A Christchurch rebuild worker who helped his EQC contractor buy a $1 million cocaine consignment was today jailed for just over two years.
Cameron Lockie, 36, got caught up in the drug distribution ring dubbed "a Guy Ritchie plot line without the bloody ending".
But a judge today accepted the self-employed Wanaka builder was just the "link man" in the scheme.
Lockie says he felt pressured to supply the cocaine to his "help his friend in need", employer Brendan Clarke, who was "very much his superior".
Clarke, 37, was a self-employed builder with 16 staff, including Lockie, working as an EQC contractor inspecting damaged Christchurch homes.
Lockie, a father-of-two pleaded, guilty in the High Court at Christchurch last month to supply of the Class A controlled drug.
His arrest was part of a police operation dubbed Operation Gringo, launched after 3kg of cocaine was found hidden in a suitcase carried by Mexican David Negrete Nevarez, who arrived at Auckland Airport on December 13, 2011.
The next day, Lockie phoned a British mate, Daniel 'Poodle' McGannan, 28, who was living in London, and they began organising how to buy and sell the drugs.
Meanwhile, police picked up on the dealings.
Using covert surveillance techniques, the Organised and Financial Crime Agency watched Nevarez hand over the cocaine inside a suitcase to Auckland woman Samantha Margaret Gemmell, 27, who in turn passed it to Adrian Marquiss Kemp, 31, in a Mission Bay carpark.
Watched by police, Kemp transferred the suitcase to Wellingtonian Brendan Clarke, who agreed to find buyers for the cocaine.
A statement of facts said Lockie arranged for his friend Clarke to purchase the cocaine - with an estimated street value of up to NZ$1.2 million - for US$140,000 (NZ$172,000).
Once he picked up the cocaine in Wellington on December 18, 2011, Clarke texted Lockie the next day, saying: "Hey bro, heading down now. See you soon. See you for lunch and I will give you this dam (sic) case," to which Lockie replied, "Sweet".
They met at midday on December 19 outside the Kathmandu store on Blenheim Road in Christchurch where the suitcase was handed over to Lockie.
Police, who watched the drop-off under surveillance, then swooped and Lockie was arrested.
He was originally charged with importation, but told police that he had not been involved in, nor was he aware of the importation of the drugs until it was already in New Zealand.
Lockie pleaded guilty to a new charge of supplying the Class A drug in December 2011.
Nevarez, 43, previously pleaded guilty to importing and possession of cocaine for supply and was sentenced to seven years in prison.
Drug mules Gemmell and Kemp each pleaded guilty to one charge of possession for supply and were jailed for two years, six months and two years, 10 months respectively.
Clarke pleaded guilty to possession of cocaine for supply and will spend four years and eight months in prison.

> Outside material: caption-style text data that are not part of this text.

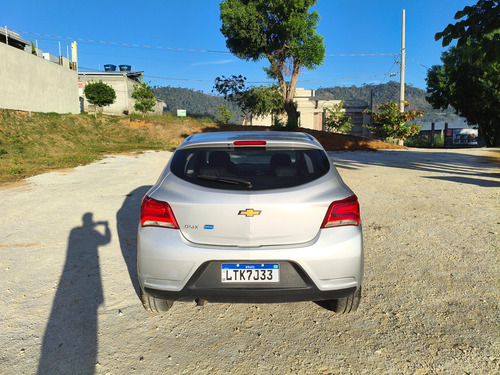 Chevrolet Onix 1.4 Advantage Aut. 5p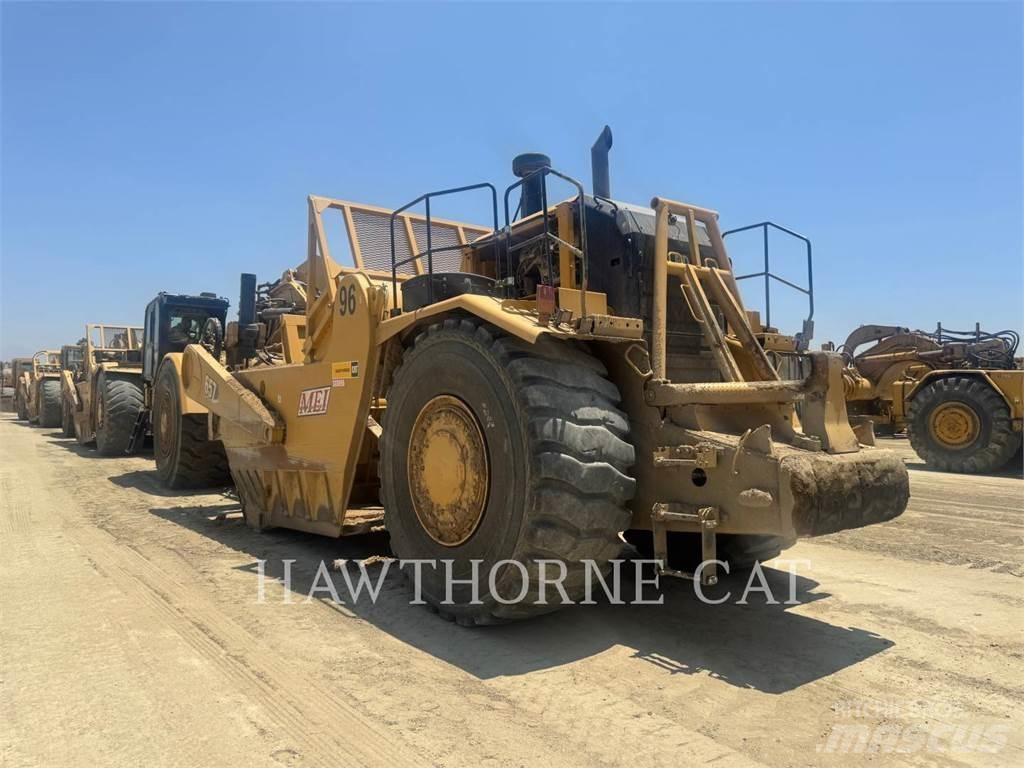 CAT 657 Strugači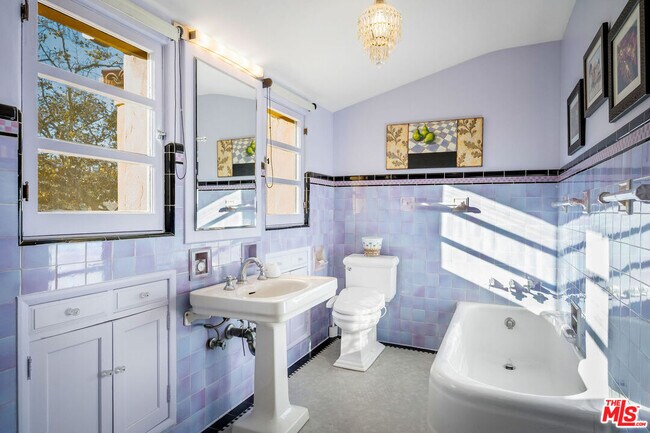 Building Photo - 500 N Las Palmas Ave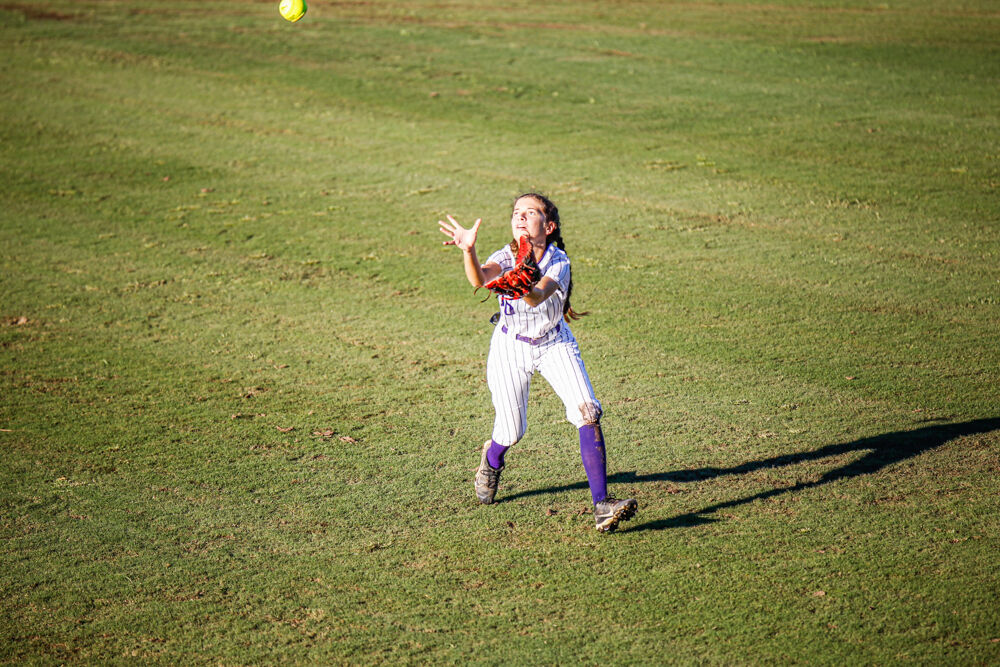 Cutright holds off Brookstone for the victory Sports times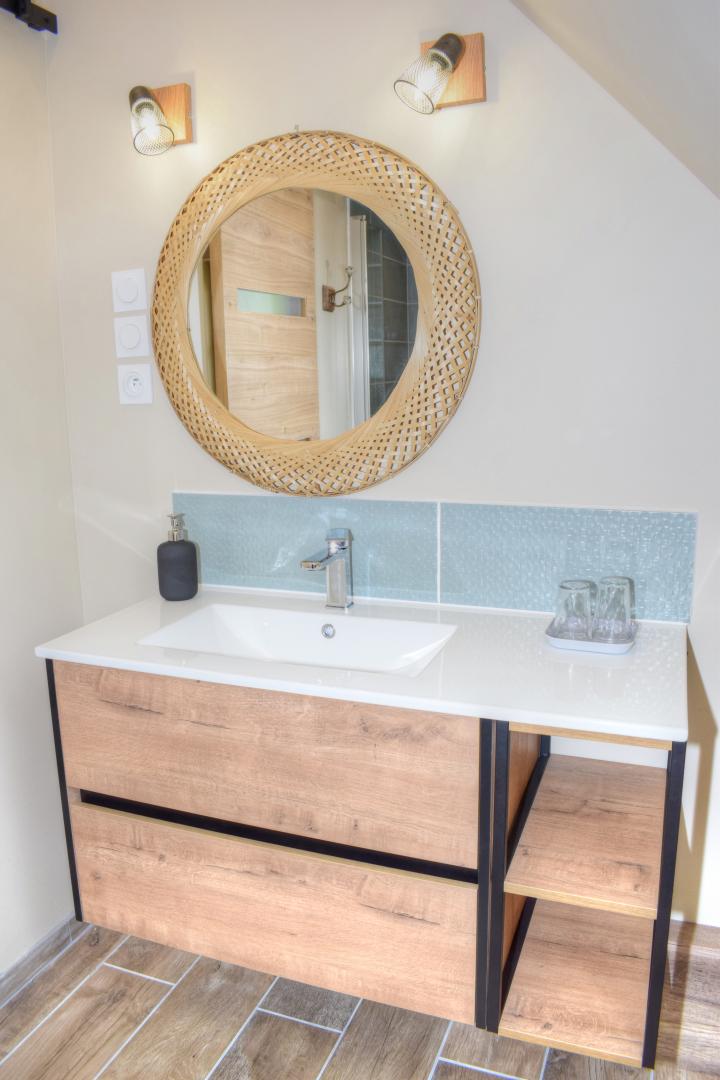 SALLE D'EAU ROSEE DU MATIN photo 43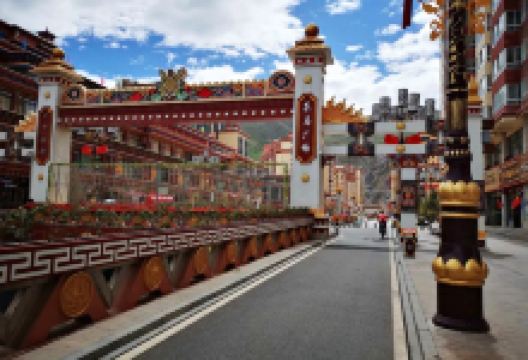 茶马广场景点图片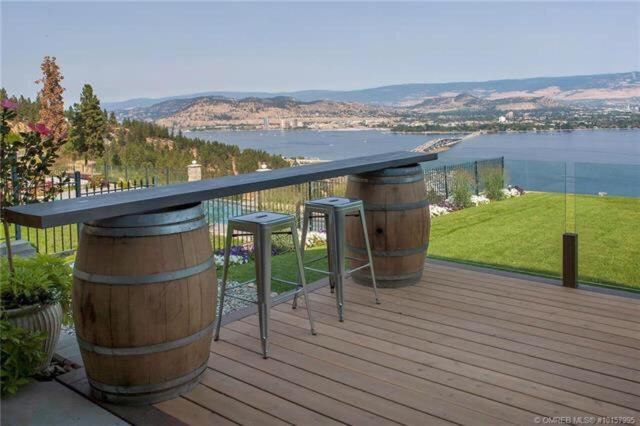 مبيت وإفطار Lake And Bridge View Vacation Home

McGannan was jailed for six-and-a-half years last month after also pleading guilty to one charge of supplying the Class A drug.
Today, defence counsel Pip Hall QC said Lockie was a reluctant player, feeling pressure from his boss, Clarke to carry out his crucial role.
From the dock today, an emotional Lockie apologised to his family - including his parents who had travelled down from Auckland for the sentencing - and the public for "pain and anguish" he had caused.
He begged Justice Christian Whata for mercy.
"I'm a good guy," he sobbed.
Mr Hall said he was never intended to be the final recipient of the 3kg of drugs - which had been cut down to contain just 10 grams of cocaine - and that it had "landed in his lap like a hot potato".
Lockie was at low-risk of reoffending, was hugely remorseful, and his wife was in a fragile state.
"He's ruined his life and the life of his family," Mr Hall added.
In sentencing Lockie for what was a "very serious" crime, Justice Whata admitted there was no evidence he was going to make any cash out of the deal.
That made him less culpable than others who were involved for commercial gain, the judge said.
But given the "horrible toll" drugs had on the community, he could never have considered a period of home detention.
He jailed him for two years and one month, saying: "You made a mistake I know you regret. But this does not define you."